One of the reasons that researchers have assumed that kids are resilient enough to recover from severe TBIs is the many examples of children with epilepsy who have had large parts of their brains surgically removed – and have still gone on to live normal lives because the remaining brain rewired to take over the job of the regions that were removed.
The difference between that scenario and the aftermath of some TBIs may be explained by the fact that a TBI can hurt cells all over the brain, making rewiring difficult.
When it comes to severe TBIs in kids, parents need to realize that their children may require long-term rehab, says Mandeep Tamber an assistant professor of pediatric neurosurgery at the University of Pittsburgh School of Medicine and the Children’s Hospital of Pittsburgh. That rehab will help the brain to continue to rewire and also help the child to come up with strategies to compensate for lasting problems like short term memory deficits, Tamber says.
That makes sense to Ryan Bradley’s dad.
Three years ago, Ryan climbed up on the roof of a three story building with some friends and slipped, falling nearly 40 feet to the cement floor of a carport. Along with a host of other serious injuries, 11-year-old Ryan suffered a severe TBI.

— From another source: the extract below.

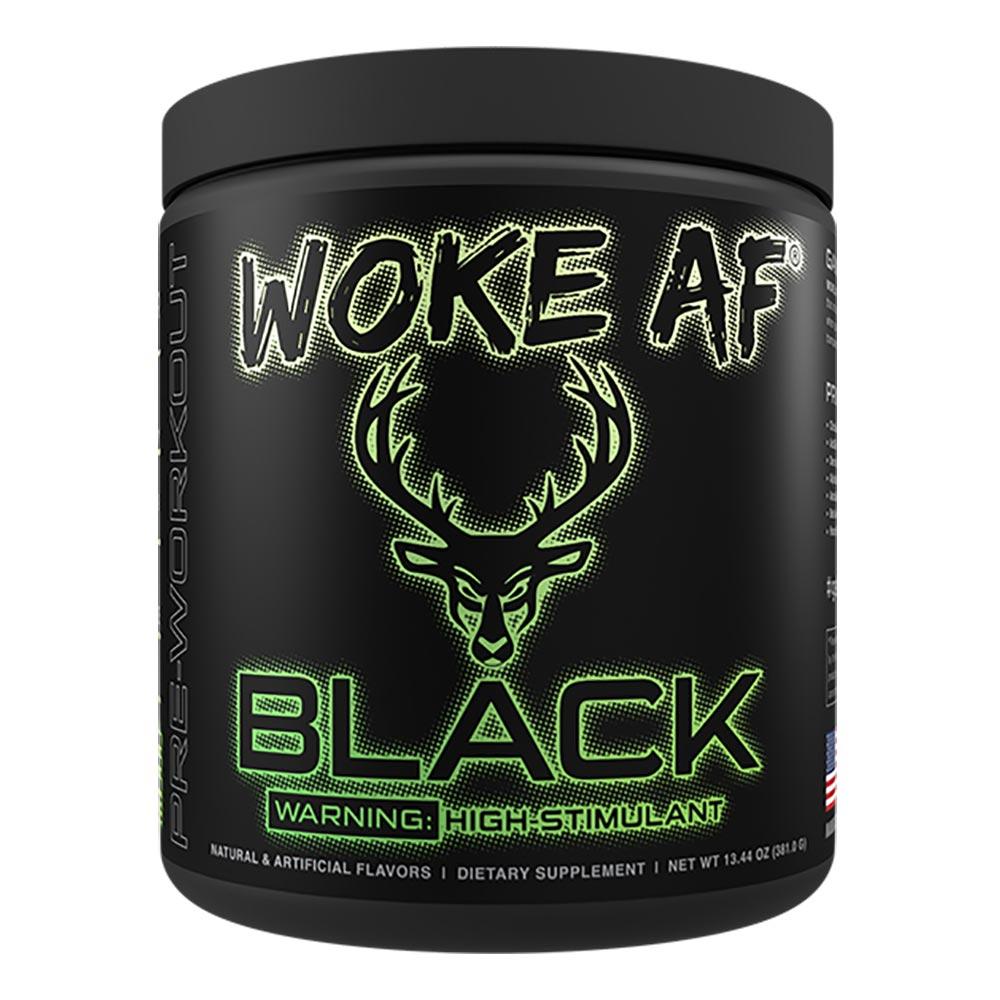 Bucked Up Woke AF Black 30 Servings Sports Performance Recovery Bucked Up Lime-ade 
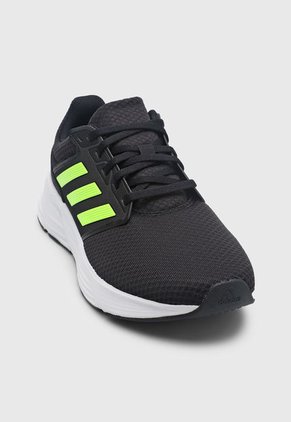 Tenis Running Negro-Blanco-Amarillo Neón adidas Performance Galaxy 6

Like Sam Napadano , Ryan spent days in a coma and then years in intensive rehab. He had to learn to walk and talk again. And today most of the injuries to the Santa Monica boy’s body have been repaired, but the damage to his brain has left some lasting deficits.
He’s in high school now, but needs accommodations to make it through the course work.
“There is a program tailored to him,” says Ryan’s dad, Kevin Bradley, 48. “He gets tutoring and teachers know that he sometimes needs longer on tests and breaks during the day.”
Ryan is working towards graduation and plans to go to college, but he will likely have to battle the lingering effect of the brain injury every day of his life.
“There are always some processing issues,” his dad says. “He gets a little information overload at times. He’s learned techniques to help him take better notes. He has techniques to help him be prepared for class.”
Kevin Bradley’s advice to parents with kids who’ve suffered a brain injury is simple: “Don’t give up hope. Be involved with your child’s care."